My Lords, I very much appreciate the support from around the Committee for my Amendment 115. I support all the other amendments in this group, each of which is designed to bolster the rigour and thoroughness of the advance choice document process.
It is good to hear from the Minister that the code of practice will include guidance on how information on ACDs will be made known to relevant would-be patients. I shall need to reflect on this, but I confess I retain a worry in this area. The CQC in its annual report of 2020-21 on monitoring the Mental Health Act reported that many patients do not have their rights explained to them during their treatment. This is despite the existing requirement in the Mental Health Act code of practice for hospital managers to provide information both orally and in writing. Clearly, if someone without an existing ACD is admitted to a mental health unit for treatment, it will be too late for them to execute a valid ACD during that episode of care. The time to be informed that an ACD could be an appropriate thing for them to draw up is once they are discharged, to cater for possible future contingencies.

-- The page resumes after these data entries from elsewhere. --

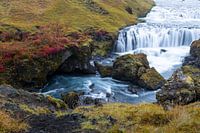 Hestavaðsfoss in Island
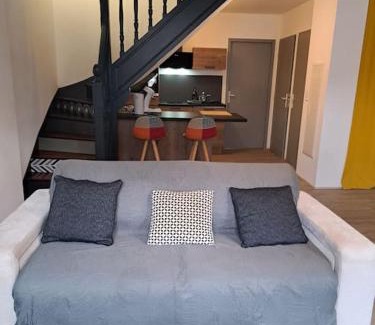 Ligny-en-Barrois Appartement | Duplex 147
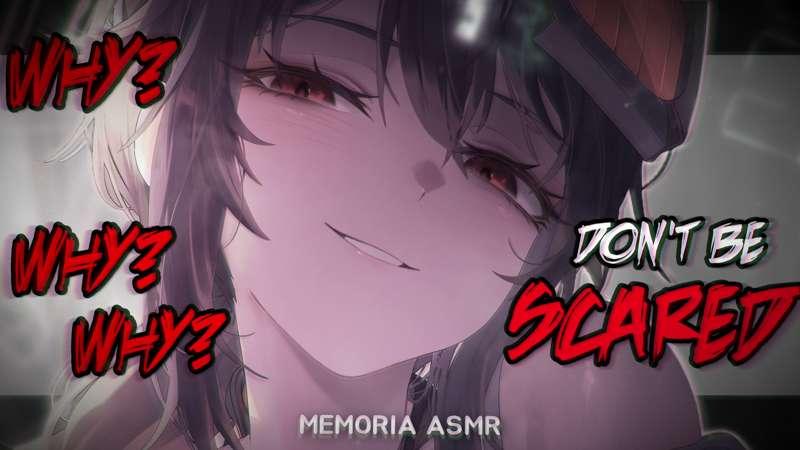 Yandere Grace Howard Opens Up Your Head (Brain Tingles)  F4A
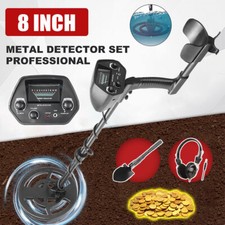 Upgraded Metal Detector for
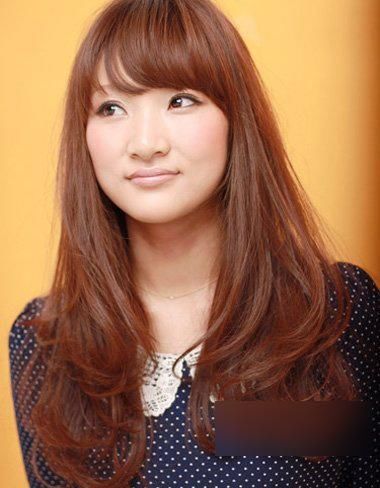 15个适合国字脸女生的发型！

I suggest that the CQCs finding is still relevant, its point being that the NHS is not all that good at providing information to patients in a timely or appropriate way. Therefore, I think that creating a duty to do so would add value—perhaps not in the precise terms I have used in the amendment, but in similar language. That could, incidentally, be achieved quite easily if mental health patients were automatically invited to complete a debriefing report following discharge from hospital in the way that I suggested in an earlier amendment.
The prize, let us remember, could be significant. I refer noble Lords back to remarks by the noble Baroness, Lady Murphy, in an earlier debate, where she indicated that independent advocates have been proved as central to the success of advance choice documents—a facilitator, in other words. She referred to a study in North Carolina that showed that providing a facilitator in the form of an independent advocate increased the number of people making a psychiatric advance directive from 3% to 60%. That is a very powerful set of figures.
I hope the Minister will be open to further discussion on this and the other amendments in the group between now and Report. Meanwhile, I beg leave to withdraw my Amendment 115.